Even though the group has gone to the pavilion, and even though I’ve told them to bring me back anything, the men stay in the windows, watching me read. Finally, everyone returns, their hands full of meaty sticks and plastic bags of roasted green bananas. We ride on and I return to D. H. Lawrence’s very risqué novel, enjoying the wordlessness between the gamekeeper and his Lady while nibbling on chicken and bananas.

We enter Jinja, where the Nile River exits Lake Victoria heading north. An impressive hydroelectric plant sits next to the river, fenced in. Police are posted before and after the river. Jack flies through, though he had said he’s stop for photos. Oh well, on the way back. (On the way back, we are warned not to take photos, they’re forbidden. I snap one pic and get mostly trees, not much water, and guard rail. Maureen is paranoid and shouts for me to put the camera away. The police pull us over and I hide the camera between my legs under my skirt. They let us go and Bavon giggles when I retrieve the camera. (What exactly do they think people will do with photos of the Nile?)
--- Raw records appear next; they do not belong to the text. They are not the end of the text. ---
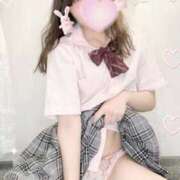 ヒメ日記 2025/03/28 23:57 投稿 まなえ先生 美少女制服学園CLASSMATE　五反田校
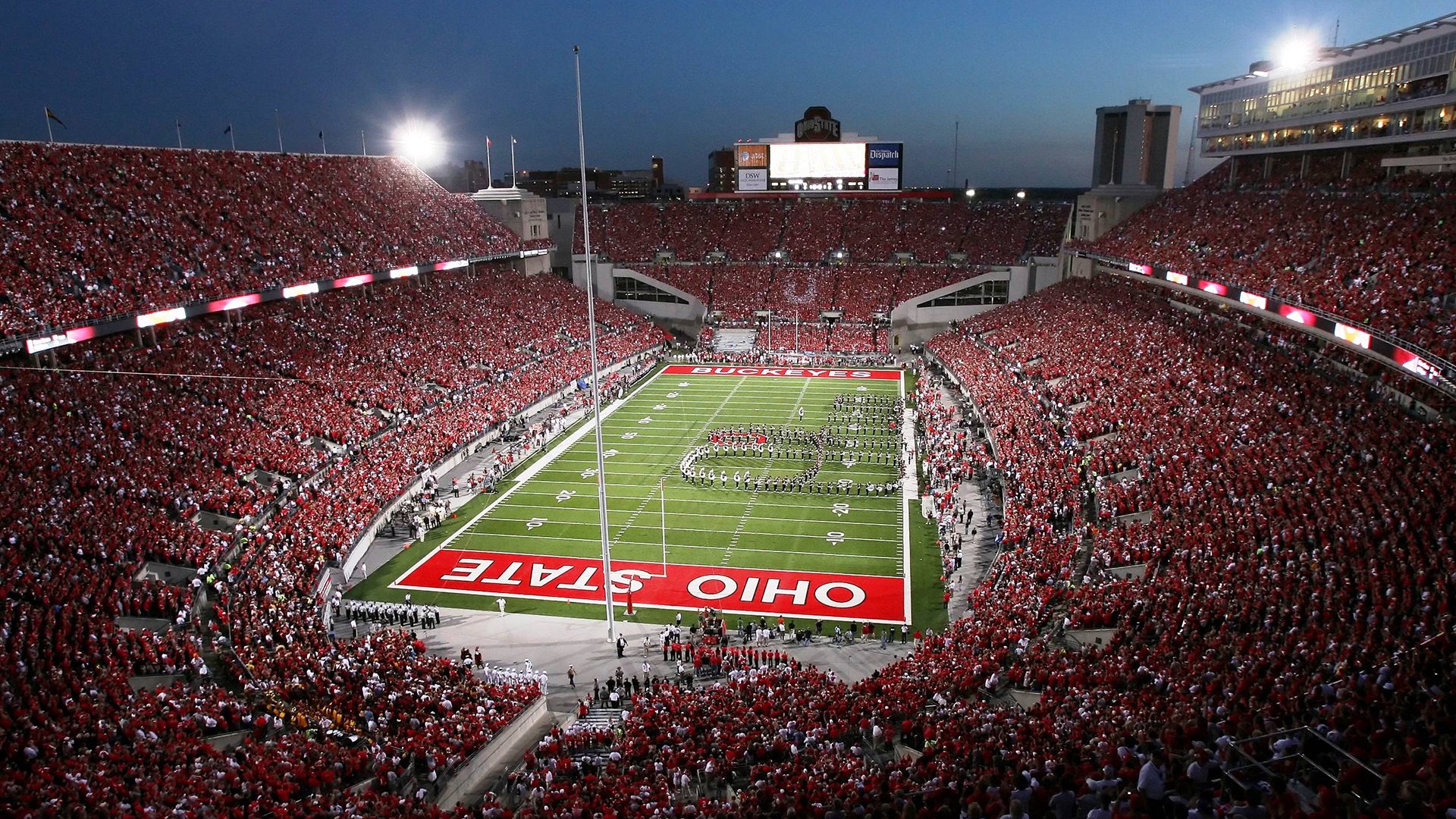 经典案例：某场战役中的战术变化分析，经典案例_某场战役中的战术变化分析为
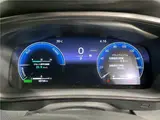 2022 Toyota Corolla Touring Hybrid Double By Black Van for sale, Japanese used car export - photo 14 of 30 | GULJI TRADERS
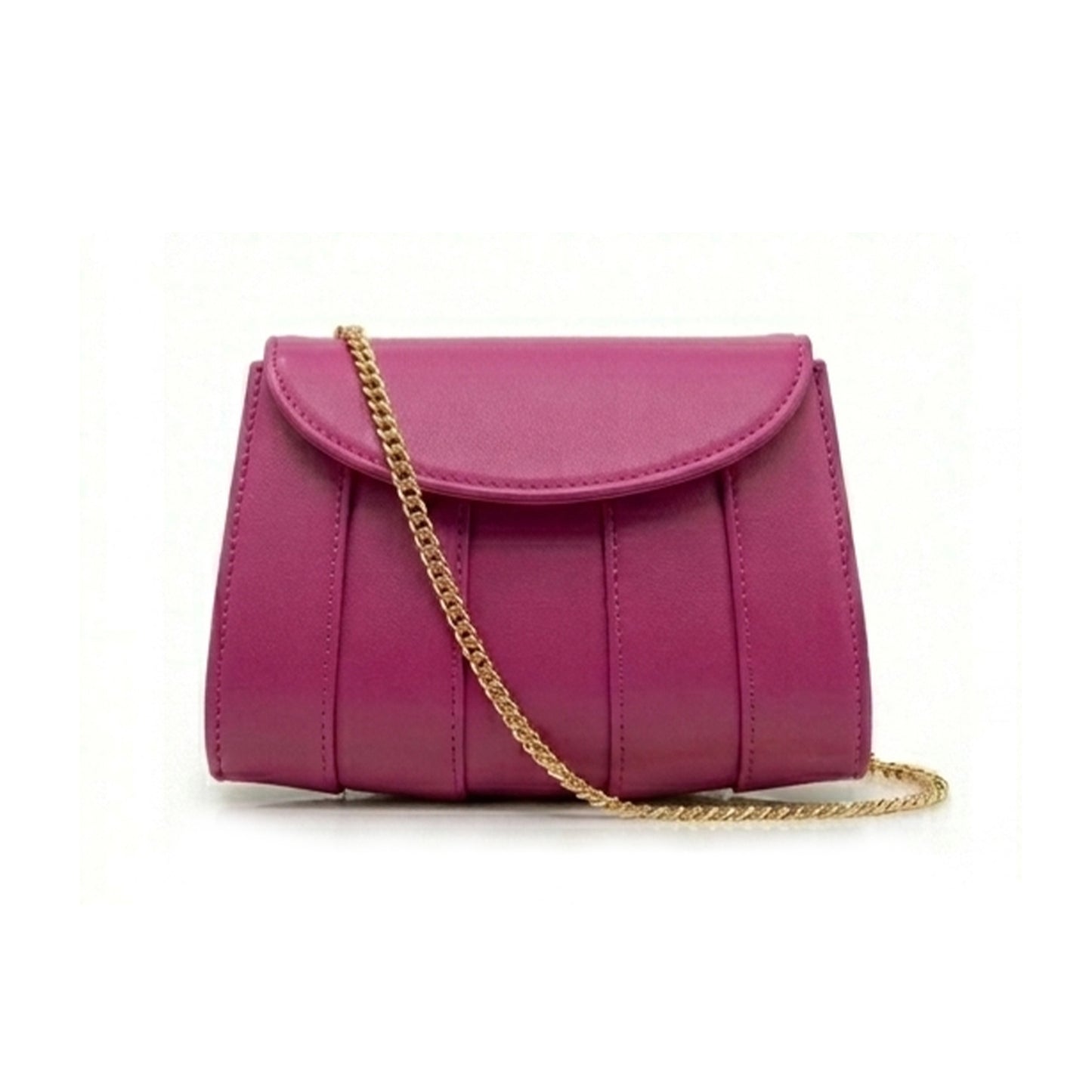 Evelisse – Convertible Clutch
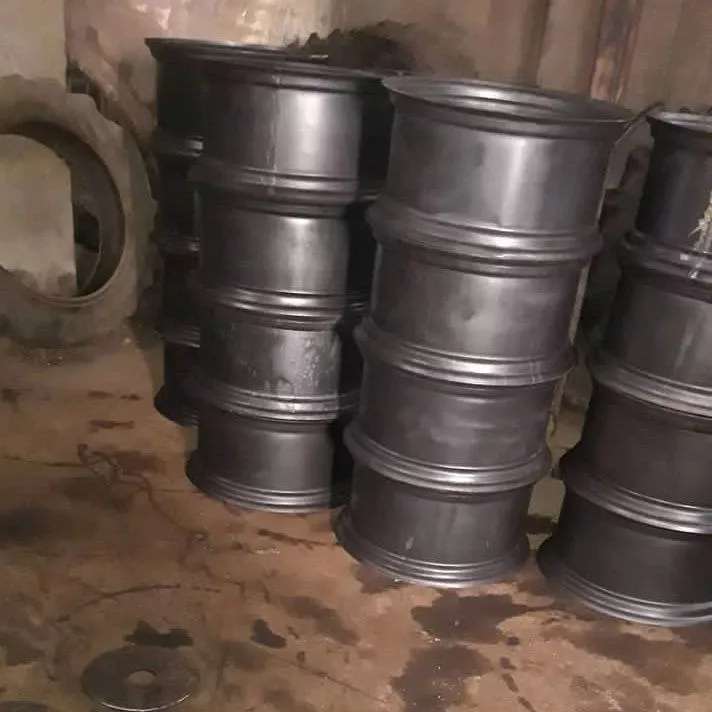 رینگ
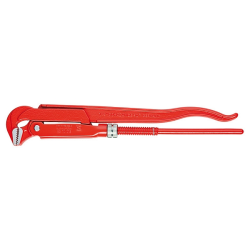 Knipex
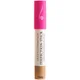 Amazing Cosmetics Perfection Concealer Stick - Fair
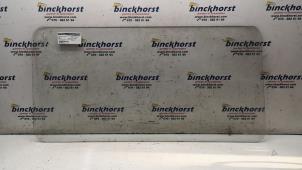Begagnade Extra fönster, 2-dörrars, höger bak Fiat Ducato Panorama (280) 2.0 Pris € 42,00 Marginaltabell erbjuds av Binckhorst BV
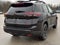 2026 Nissan Rogue 2026.5 AWD Rock Creek
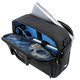 Notebooktasche Stop Ocean - Produktbild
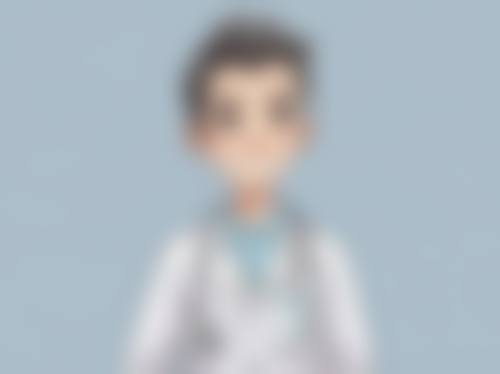 手术治疗缓解泪沟和眼袋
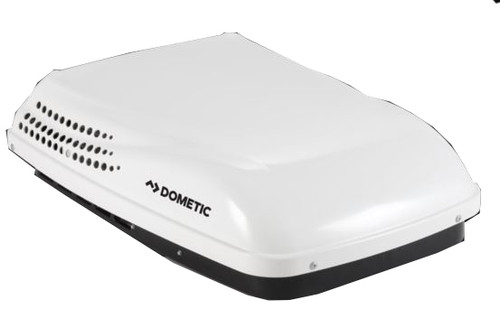 PENGUIN HC AC CCC2 PW 410A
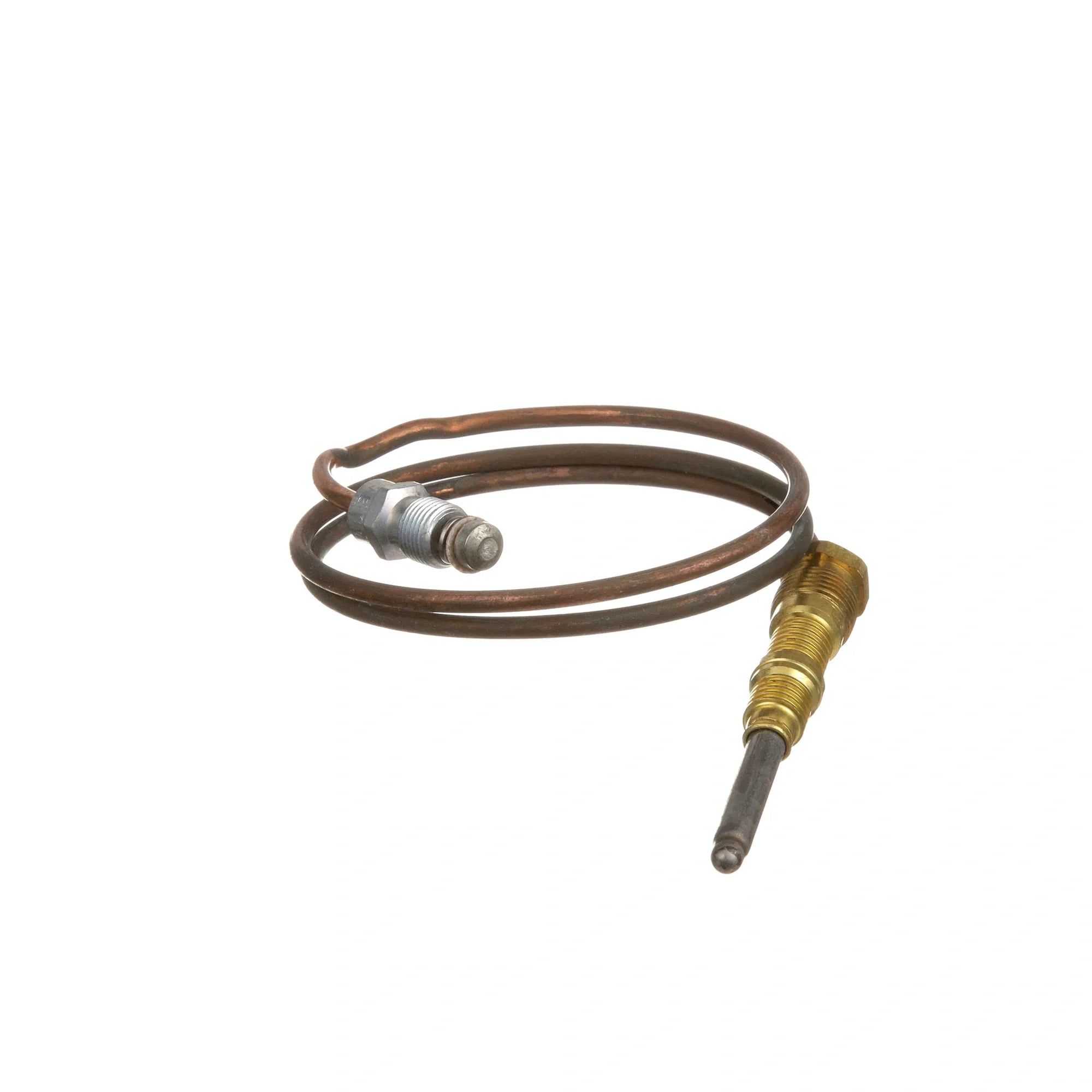 00-412788-00003 Hobart - Heavy Duty Thermocouple alternate view 1 00-412788-00003 Hobart - Heavy Duty Thermocouple alternate view 1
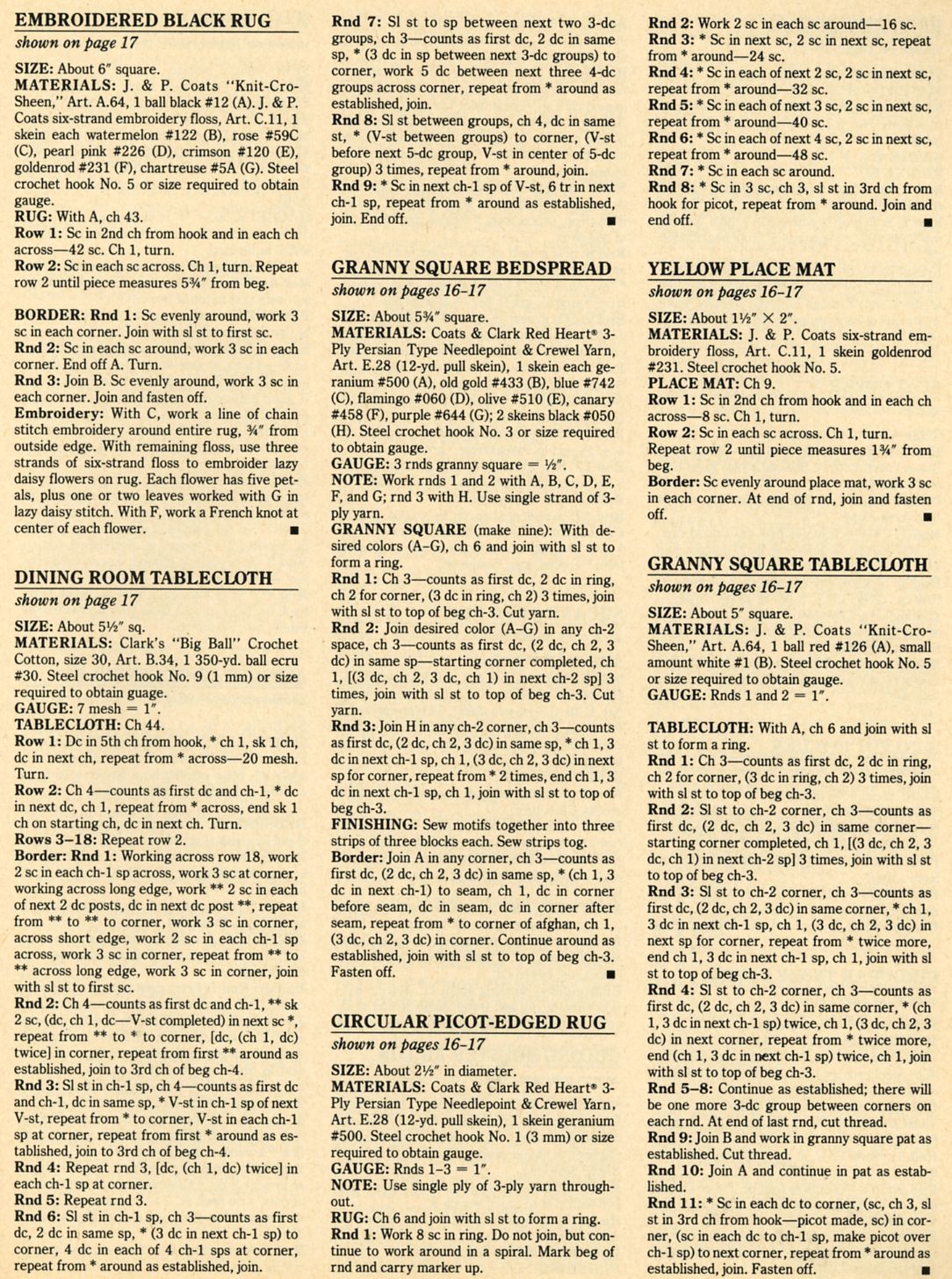 p16-17.jpg. Схемы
We pass through Kampala, the capital of Uganda, a very modern city with wide, clean sidewalks and buildings one might find in New York. There are Italian restaurants with neon signs. It’s so Western I’m thrown somewhat. And clean. And big. Jack stops several times for directions through town, leading to the Rwanda border. We leave Kampala behind and drive through more rural countryside where women line up in their fields, hoeing in a row. Mountains become larger and more frequent, their creases crowded with banana groves and tiny huts built on cliffs. We make it Mbarara, close to the Rwandan border, at 10pm. We check into Canaan Hotel and order a late dinner in the tiny dining room. It looks like a broken-down diner from the 50s. The front door leads onto a patio which sits next to a crumbling road. A Coca-Cola cooler stands nearby, chained and padlocked as usual. As we wait for the food, the World Wrestling Federation is blasting on a TV encased in an iron cage. Everyone is steady watching the big, muscular men act silly. I’m embarrassed to be an American.

It’s nearly midnight before we go to our rooms. We’re to meet for breakfast at 6:30.